「日本柔道の花形」と形容される男子最重量級にフランス人の絶対王者が君臨している。100キロ超級でオリンピック(五輪)2連覇、世界選手権8連覇のテディ・リネール(30)だ。このほど、日刊スポーツの取材に応じ、国際大会152連勝中の「負けない柔道家」が、3連覇を狙う20年東京五輪への思いを語った。【取材・構成=峯岸佑樹】絶対王者に「柔よく剛を制す」という言葉は当てはまらない。203センチ、150キロの巨体ながら、俊敏さを兼ね備える。その肉体はまさに筋肉の塊だ。リネールは、3連覇を狙う東京五輪へ並々ならぬ決意を口にした。「柔道の故郷で必ずタイトルを取る。今からドキドキしている。残りの準備期間で100~150%の状態にして、目標を達成してみせる」。
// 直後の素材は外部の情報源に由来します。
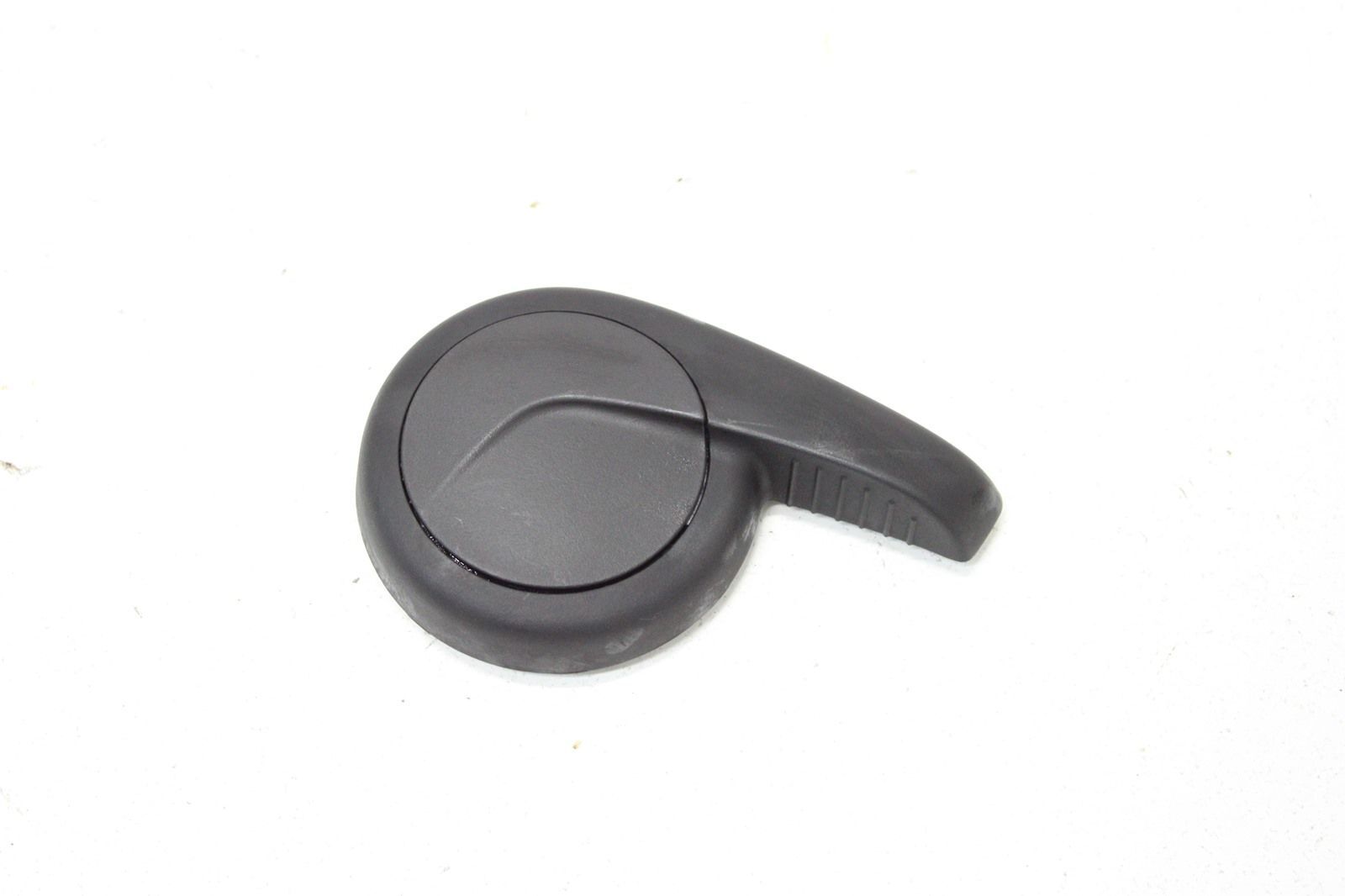 20162020 BUICK ENCORE FRONT LEFT SIDE SEAT RECLINE HANDLE LEVER TRIM OEM eBay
「常に全力」という言葉を大切に、勝利への異常な執念を持つ。「勝つことが大好き。全てのことで勝ちたい」。根っからの負けず嫌いで、子供相手のテレビゲームやじゃんけんでも勝ちにこだわる。柔道では絶対王者として、稽古でも試合を想定して「1度も背中を畳につけない」と決めている。国際大会や合宿には、専属コーチやトレーナーらを帯同させ「チームリネール」となって世界中を駆け回る。合宿では乱取りの他、ジュニア時代から指導を受ける体重60キロのシャンビリーコーチと素早い組み手や寝技強化に励み、それ以外は独自の筋力トレーニングに時間を費やす。137キロをベスト体重とするが、16年リオデジャネイロ五輪後の長期休養でケーキを食べ過ぎて165キロまで増量。それ以降は、栄養士に徹底した食事管理を受け、肉体改造に取り組んでいる。年齢を重ね、柔道との向き合い方も変化した。「頭脳が大きな武器になっている。体力が衰えても周りは『強い』と評価するが、自分では『強くない』と感じている。今は常に勝つための最善策を逆算して考え、これまで以上の稽古に励んでいる」。
○…リネールは、意外な顔を持つ。競技引退後を考え、17歳でパリを拠点とするスポーツビジネス会社を起業。スポーツマーケティングを学ぶ学校も開校し、経営者としても活躍する。欧州での大会では、時短のためヘリコプターをチャーター。柔道を「最優先」とするが、「ボス(=社長)とパパの仕事もあるから忙しいよ」。フランスでは、最も影響力のあるスポーツ選手で1位に輝いたこともあり、レキップ紙が昨年4月1日のエープリルフールに「リネール柔道引退。ラグビーに転向」と報道して、大きな反響を呼んだ。